Stored items:

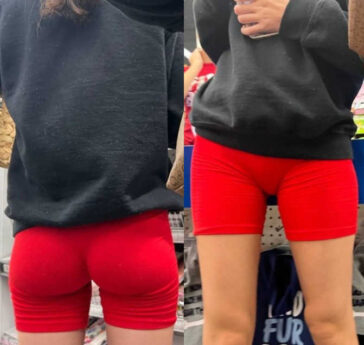 Red shorts teen creepshot skinny body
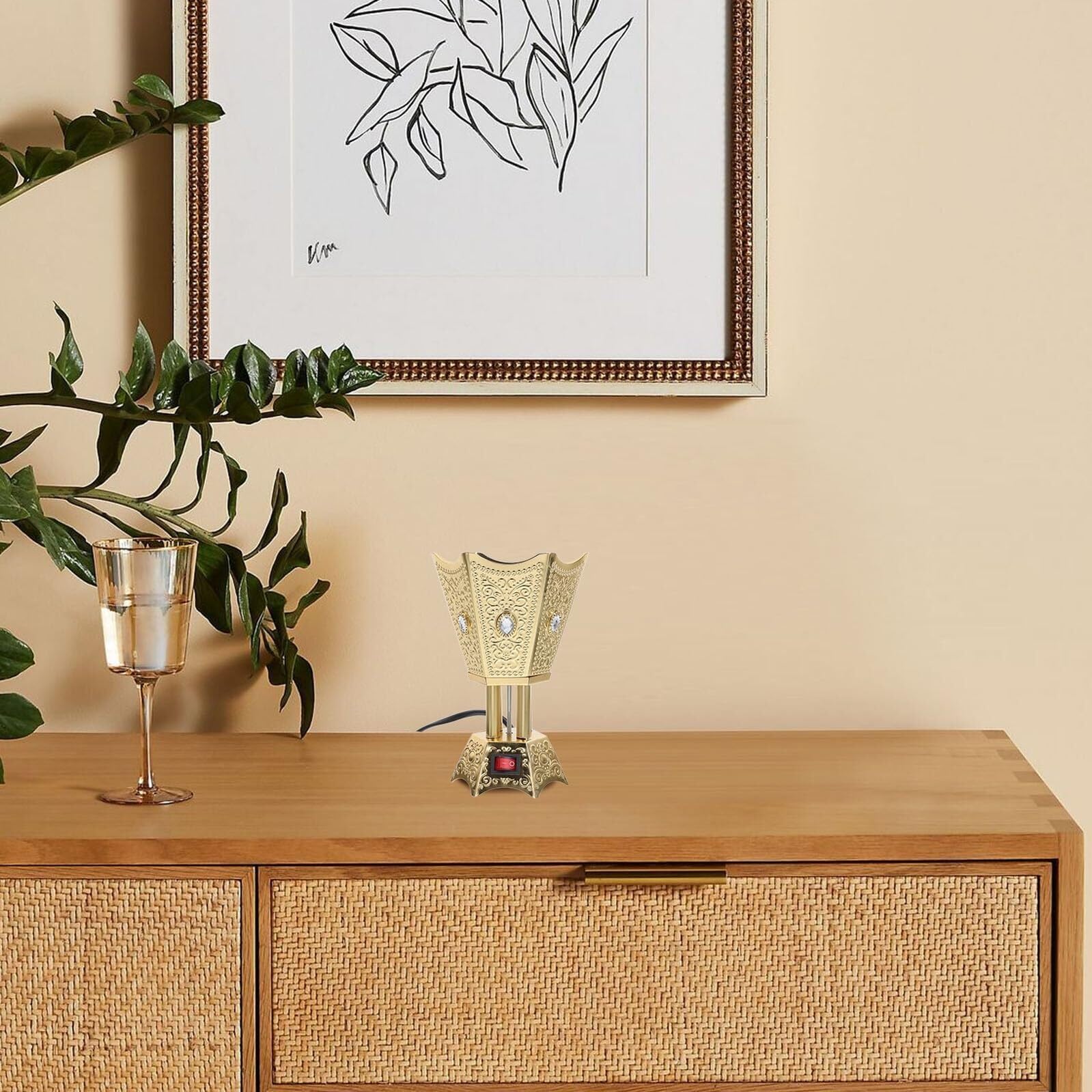 Quemador de Incienso eléctrico – Incensario de Metal – Soporte eléctrico para Bakhoor – para hogar, Oficina, Dormitorio y salón – Aromaterapia y Uso Decorativo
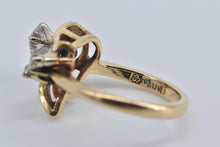 Load image into Gallery viewer, 14K 0.39 Ctw Natural Diamond Emerald Bow Ribbon Ring Yellow Gold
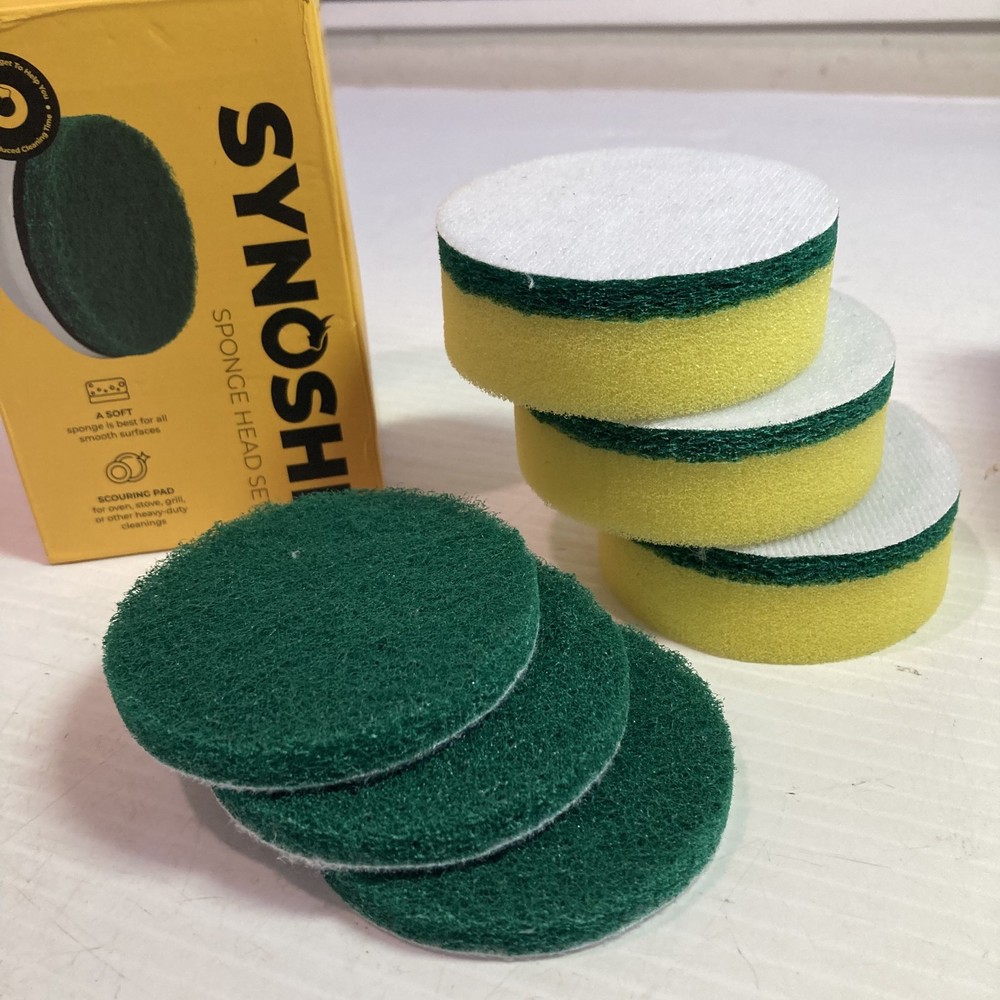 Synoshi Spin Scrubber Replacement Cone Brush & Sponge Heads NEW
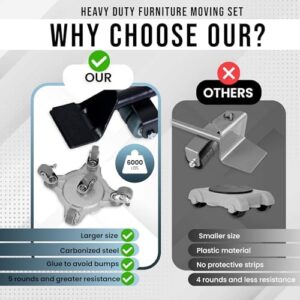 Heavy-Duty Furniture Moving Set with Lifter Tool - 6000lbs Capacity, 360° Rotating Wheels for Sofas, Refrigerators, and More - Image 4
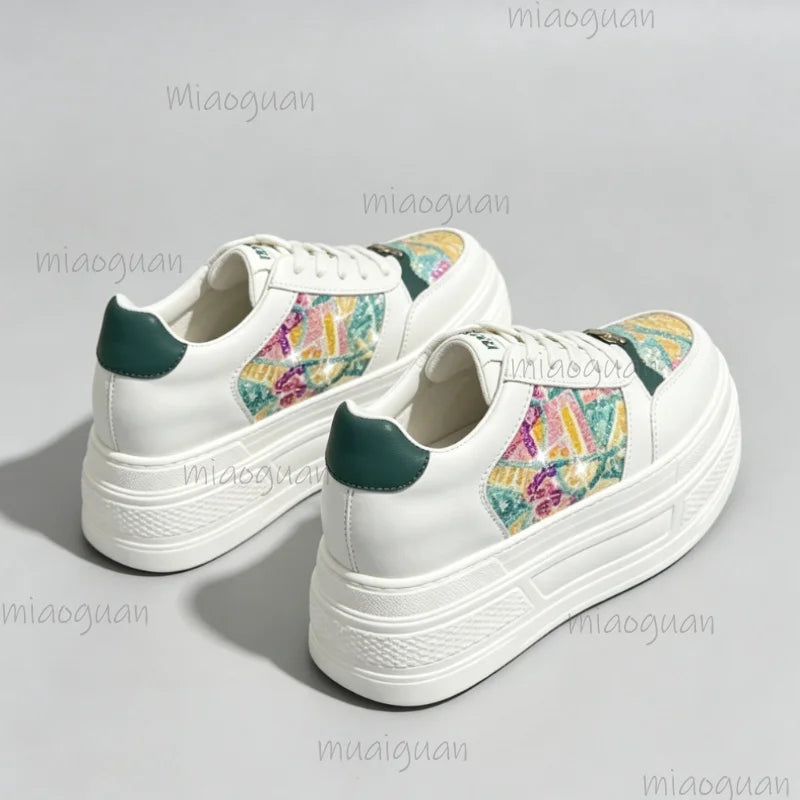 Women's Crystal Chunky Platform Sneakers – Thick Sole Lace-Up Platform Sneakers Axl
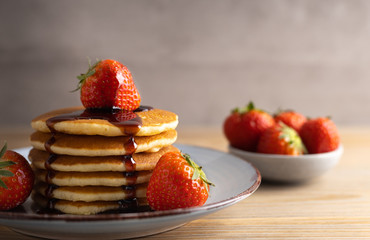 Homemade pancakes with strawberry's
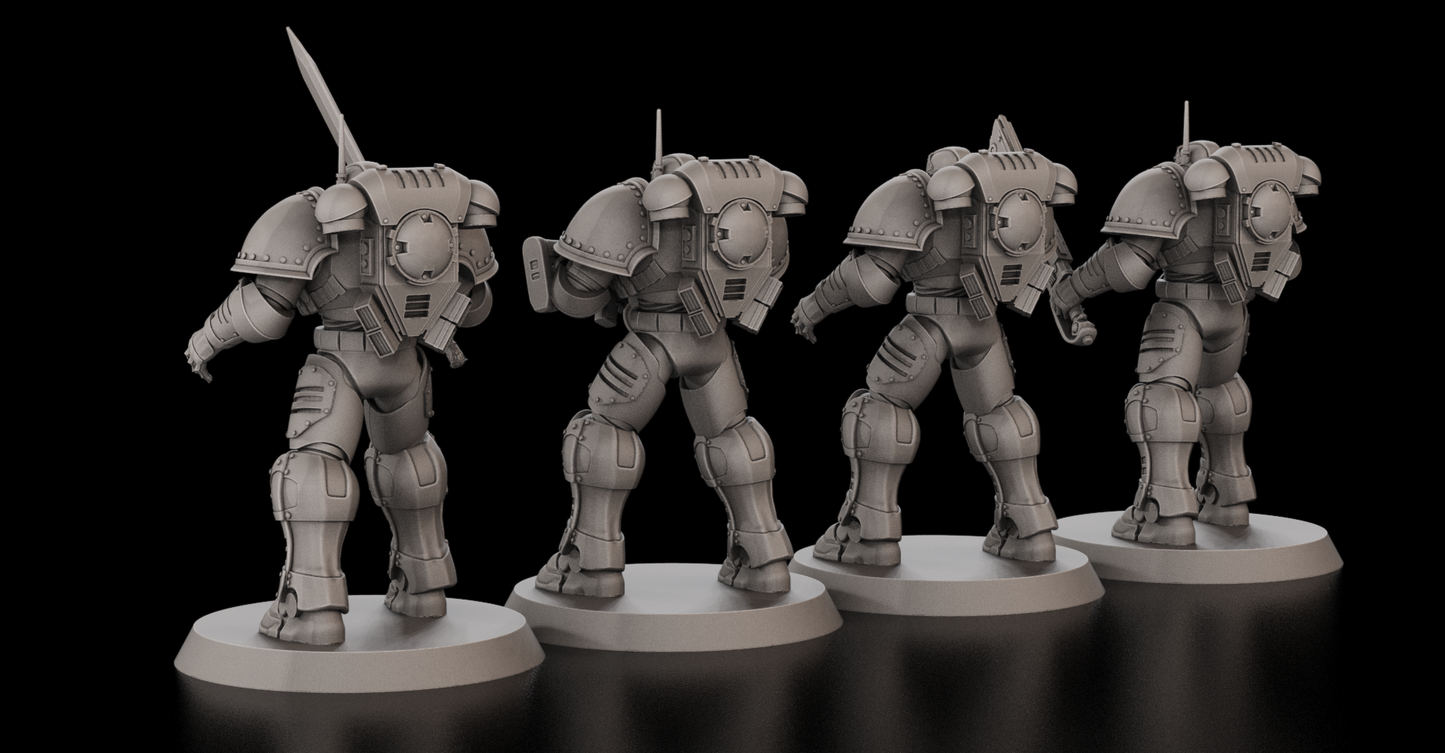 Primaris Space Marine proxy models with modular body parts and weapons at 32mm scale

== Exercise goal ==
Nothing but the lines from the one with "Homemade pancakes with strawberry's" through the end of the entries above, both included, should be set down, exactly and without pictures.

== Your solution ==
 Homemade pancakes with strawberry's
 Primaris Space Marine proxy models with modular body parts and weapons at 32mm scale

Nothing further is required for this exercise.